Intel trucks’ content no one's business, says PM
DİYARBAKIR
Turkey's Prime Minister Ahmet Davutoglu addresses his supporters during an election rally for Turkey's June 7 parliamentary elections in Ankara, Turkey, May 30, 2015. Reuters Photo
Questioning the content of trucks that were stopped by the gendarmerie while carrying “logistical assistance to Turkmens” in Syria last year was nobody’s business, Turkish PM Ahmet Davutoğlu has said, drawing attention to the timing of publications accusing Turkey of delivering weapons to rebel groups in the neighboring country.“Why do they reveal these things after so many times: to depict the AK Party [Justice and Development Party] as a party supporting terrorist groups before the elections? This is manipulation. What do [the trucks] contain? Its content is nobody’s business but its destination and objectives,” Davutoğlu told private broadcaster Habertürk in an interview on May 31.
Daily Cumhuriyet published video footage of mortar shells, grenade launchers and tens of thousands of rounds of ammunition stashed under boxes containing antibiotics and marked “fragile” on May 29. The footage was from a search of trucks conducted by local security forces in January 2014 in southern Turkey near the Syrian border on suspicion that they were smuggling arms into Syria. During the search, the gendarmerie found personnel of the Turkish National Intelligence Organization (MİT) on board.

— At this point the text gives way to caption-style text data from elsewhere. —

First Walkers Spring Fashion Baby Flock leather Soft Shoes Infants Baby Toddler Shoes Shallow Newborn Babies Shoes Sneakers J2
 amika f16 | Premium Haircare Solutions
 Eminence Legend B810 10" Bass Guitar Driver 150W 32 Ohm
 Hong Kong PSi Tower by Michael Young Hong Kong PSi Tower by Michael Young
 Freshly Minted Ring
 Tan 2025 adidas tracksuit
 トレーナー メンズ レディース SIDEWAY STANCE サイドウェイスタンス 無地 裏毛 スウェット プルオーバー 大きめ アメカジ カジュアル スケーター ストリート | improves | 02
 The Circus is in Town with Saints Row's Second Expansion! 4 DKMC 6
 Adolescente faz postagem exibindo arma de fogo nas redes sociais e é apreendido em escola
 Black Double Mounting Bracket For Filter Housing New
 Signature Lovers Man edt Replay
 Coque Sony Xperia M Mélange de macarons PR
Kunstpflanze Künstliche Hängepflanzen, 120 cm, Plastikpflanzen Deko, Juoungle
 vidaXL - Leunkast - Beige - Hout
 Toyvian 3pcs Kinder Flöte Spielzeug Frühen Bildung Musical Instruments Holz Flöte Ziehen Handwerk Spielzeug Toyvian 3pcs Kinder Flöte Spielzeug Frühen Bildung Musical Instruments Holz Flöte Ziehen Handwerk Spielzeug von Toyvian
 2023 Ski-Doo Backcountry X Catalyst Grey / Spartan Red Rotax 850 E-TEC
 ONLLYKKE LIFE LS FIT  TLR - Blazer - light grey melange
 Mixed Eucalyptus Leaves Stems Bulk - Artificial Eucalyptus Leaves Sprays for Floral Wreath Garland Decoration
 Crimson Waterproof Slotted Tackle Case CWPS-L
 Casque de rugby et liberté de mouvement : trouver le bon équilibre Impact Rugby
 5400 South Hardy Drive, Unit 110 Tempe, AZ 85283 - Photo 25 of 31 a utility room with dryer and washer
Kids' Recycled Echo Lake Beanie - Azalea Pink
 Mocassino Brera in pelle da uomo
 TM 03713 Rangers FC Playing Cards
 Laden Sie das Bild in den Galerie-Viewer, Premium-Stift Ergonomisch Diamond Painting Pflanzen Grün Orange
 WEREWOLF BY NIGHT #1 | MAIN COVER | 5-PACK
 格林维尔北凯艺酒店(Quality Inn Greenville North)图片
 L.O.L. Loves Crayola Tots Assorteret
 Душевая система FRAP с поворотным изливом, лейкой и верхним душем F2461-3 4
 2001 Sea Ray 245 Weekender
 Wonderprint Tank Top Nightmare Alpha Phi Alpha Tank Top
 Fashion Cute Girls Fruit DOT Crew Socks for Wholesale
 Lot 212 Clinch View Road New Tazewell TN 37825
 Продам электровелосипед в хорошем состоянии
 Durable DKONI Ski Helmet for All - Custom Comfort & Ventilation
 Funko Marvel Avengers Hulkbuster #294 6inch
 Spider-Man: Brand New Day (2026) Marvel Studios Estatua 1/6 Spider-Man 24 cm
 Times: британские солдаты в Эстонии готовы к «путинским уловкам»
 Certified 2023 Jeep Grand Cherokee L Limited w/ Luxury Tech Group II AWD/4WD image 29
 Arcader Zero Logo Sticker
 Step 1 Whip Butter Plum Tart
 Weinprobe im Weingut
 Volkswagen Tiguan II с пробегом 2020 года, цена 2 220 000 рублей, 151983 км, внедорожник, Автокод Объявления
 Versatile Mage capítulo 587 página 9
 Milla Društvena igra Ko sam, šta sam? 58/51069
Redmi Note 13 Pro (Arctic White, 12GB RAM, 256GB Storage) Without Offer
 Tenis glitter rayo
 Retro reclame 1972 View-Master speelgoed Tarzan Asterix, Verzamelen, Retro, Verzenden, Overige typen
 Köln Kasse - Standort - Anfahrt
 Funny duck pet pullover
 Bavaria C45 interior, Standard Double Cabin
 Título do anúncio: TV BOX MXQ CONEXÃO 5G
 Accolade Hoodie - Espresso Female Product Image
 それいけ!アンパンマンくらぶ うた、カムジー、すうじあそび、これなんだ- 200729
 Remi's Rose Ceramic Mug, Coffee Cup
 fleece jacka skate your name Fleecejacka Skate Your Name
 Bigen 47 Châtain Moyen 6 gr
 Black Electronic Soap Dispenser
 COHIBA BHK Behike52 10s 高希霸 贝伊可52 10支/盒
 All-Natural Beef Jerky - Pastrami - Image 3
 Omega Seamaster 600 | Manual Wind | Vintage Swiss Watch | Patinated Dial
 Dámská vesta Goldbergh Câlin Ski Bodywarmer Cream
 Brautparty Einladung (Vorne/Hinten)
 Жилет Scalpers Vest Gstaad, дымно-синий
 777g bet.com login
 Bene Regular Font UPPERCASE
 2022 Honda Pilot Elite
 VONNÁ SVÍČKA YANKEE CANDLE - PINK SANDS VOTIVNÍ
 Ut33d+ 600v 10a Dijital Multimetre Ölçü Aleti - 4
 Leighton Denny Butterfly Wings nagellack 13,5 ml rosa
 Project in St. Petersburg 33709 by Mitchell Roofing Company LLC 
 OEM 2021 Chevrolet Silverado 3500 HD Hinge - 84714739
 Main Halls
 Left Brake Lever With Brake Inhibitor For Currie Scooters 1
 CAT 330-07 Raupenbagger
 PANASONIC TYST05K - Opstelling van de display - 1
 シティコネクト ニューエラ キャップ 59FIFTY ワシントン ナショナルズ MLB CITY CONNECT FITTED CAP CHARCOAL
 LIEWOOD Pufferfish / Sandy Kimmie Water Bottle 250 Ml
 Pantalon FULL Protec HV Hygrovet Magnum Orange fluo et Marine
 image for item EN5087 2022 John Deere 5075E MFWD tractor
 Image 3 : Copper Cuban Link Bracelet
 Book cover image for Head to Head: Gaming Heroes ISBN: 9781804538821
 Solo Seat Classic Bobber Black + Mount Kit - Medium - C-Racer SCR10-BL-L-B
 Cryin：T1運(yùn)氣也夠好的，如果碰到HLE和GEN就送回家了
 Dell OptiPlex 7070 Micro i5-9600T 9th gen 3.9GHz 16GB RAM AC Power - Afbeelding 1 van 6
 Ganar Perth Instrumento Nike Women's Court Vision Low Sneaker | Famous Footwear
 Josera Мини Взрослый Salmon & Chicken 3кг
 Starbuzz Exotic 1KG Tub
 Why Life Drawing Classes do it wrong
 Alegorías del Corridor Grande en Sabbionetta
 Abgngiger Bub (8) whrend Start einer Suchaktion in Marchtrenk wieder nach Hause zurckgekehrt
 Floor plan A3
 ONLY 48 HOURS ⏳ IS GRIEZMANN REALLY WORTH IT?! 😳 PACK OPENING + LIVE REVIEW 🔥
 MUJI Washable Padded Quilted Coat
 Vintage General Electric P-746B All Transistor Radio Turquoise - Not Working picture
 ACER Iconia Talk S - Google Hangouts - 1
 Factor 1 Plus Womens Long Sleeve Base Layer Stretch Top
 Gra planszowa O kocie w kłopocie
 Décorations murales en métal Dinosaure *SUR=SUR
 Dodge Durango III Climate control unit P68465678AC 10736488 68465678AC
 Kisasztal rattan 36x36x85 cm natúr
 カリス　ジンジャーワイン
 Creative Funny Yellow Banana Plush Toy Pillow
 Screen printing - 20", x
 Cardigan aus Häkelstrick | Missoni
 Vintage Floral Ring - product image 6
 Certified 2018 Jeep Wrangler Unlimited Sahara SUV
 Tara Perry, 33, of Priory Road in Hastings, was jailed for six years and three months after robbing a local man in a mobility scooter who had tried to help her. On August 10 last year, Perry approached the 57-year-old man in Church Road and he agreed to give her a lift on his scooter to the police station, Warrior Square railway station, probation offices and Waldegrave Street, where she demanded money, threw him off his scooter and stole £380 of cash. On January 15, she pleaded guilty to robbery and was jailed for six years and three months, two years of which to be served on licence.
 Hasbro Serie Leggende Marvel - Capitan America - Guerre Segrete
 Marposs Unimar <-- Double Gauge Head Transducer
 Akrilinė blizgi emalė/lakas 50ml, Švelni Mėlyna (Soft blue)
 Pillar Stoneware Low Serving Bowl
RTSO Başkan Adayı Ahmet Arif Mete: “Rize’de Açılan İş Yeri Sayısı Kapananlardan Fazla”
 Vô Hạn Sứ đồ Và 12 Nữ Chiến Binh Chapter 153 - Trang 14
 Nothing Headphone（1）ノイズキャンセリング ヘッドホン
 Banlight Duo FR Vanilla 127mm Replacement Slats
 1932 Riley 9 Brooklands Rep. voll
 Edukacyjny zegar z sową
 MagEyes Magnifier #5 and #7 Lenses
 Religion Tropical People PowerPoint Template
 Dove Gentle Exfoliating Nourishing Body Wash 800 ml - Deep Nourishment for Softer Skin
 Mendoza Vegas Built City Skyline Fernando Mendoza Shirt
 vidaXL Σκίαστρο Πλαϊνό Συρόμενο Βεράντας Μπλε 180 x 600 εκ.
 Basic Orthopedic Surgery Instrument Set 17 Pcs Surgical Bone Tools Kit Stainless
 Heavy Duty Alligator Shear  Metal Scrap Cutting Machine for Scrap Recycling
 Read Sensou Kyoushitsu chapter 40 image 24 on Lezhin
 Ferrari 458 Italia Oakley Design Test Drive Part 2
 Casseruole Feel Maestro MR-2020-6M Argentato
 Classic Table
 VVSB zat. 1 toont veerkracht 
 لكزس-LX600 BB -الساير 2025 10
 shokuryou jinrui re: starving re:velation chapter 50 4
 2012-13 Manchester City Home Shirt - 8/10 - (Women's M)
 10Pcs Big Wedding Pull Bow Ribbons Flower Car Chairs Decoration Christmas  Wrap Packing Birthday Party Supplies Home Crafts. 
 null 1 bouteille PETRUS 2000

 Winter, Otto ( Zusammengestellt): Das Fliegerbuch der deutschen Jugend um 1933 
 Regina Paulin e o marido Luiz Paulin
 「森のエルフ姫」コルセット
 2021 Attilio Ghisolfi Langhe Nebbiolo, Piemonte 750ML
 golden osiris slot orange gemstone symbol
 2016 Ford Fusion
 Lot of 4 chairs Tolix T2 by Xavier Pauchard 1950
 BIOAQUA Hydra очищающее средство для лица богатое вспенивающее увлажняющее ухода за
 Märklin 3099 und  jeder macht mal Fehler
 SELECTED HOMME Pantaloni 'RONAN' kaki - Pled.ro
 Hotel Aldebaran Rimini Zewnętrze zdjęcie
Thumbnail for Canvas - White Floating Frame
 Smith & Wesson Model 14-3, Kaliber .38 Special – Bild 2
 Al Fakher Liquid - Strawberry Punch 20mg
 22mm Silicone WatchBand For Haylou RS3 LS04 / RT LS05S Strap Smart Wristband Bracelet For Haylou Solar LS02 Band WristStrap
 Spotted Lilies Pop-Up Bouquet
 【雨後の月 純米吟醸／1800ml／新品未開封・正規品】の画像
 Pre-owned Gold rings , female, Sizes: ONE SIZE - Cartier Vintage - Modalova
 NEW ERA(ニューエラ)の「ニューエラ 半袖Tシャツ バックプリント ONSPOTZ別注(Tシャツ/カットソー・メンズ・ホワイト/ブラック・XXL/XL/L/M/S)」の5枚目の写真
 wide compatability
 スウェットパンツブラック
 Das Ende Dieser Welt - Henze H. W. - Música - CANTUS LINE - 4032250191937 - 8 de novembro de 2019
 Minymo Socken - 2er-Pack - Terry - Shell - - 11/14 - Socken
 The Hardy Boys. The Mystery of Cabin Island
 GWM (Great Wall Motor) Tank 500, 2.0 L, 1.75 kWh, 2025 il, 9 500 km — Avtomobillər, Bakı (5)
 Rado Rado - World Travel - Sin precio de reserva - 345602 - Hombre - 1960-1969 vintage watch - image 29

Davutoğlu said the trucks were carrying logistical support to Turkmens who were suffering from President Bashar al-Assad’s army’s assaults, adding that if Turkey had not supported them, an additional 500,000 refugees would have fled to Turkey. Calling the issue a “state secret,” Davutoğlu said he instructed Turkish institutions to carefully look after Turkmens in Syria against the al-Assad government.
Reiterating that Turkey would not stay indifferent to the regional developments in its region, Davutoğlu said they would not tolerate those trying to launch a smear campaign against Turkey in the international arena.
“The necessary response will be given to this. There is no account Turkey cannot give. Turkey has never supported terrorist organizations anywhere, anyhow. It has not even a little stain on its record,” he said.
Prosecutors have opened up an anti-terrorism investigation into Cumhuriyet over its publication.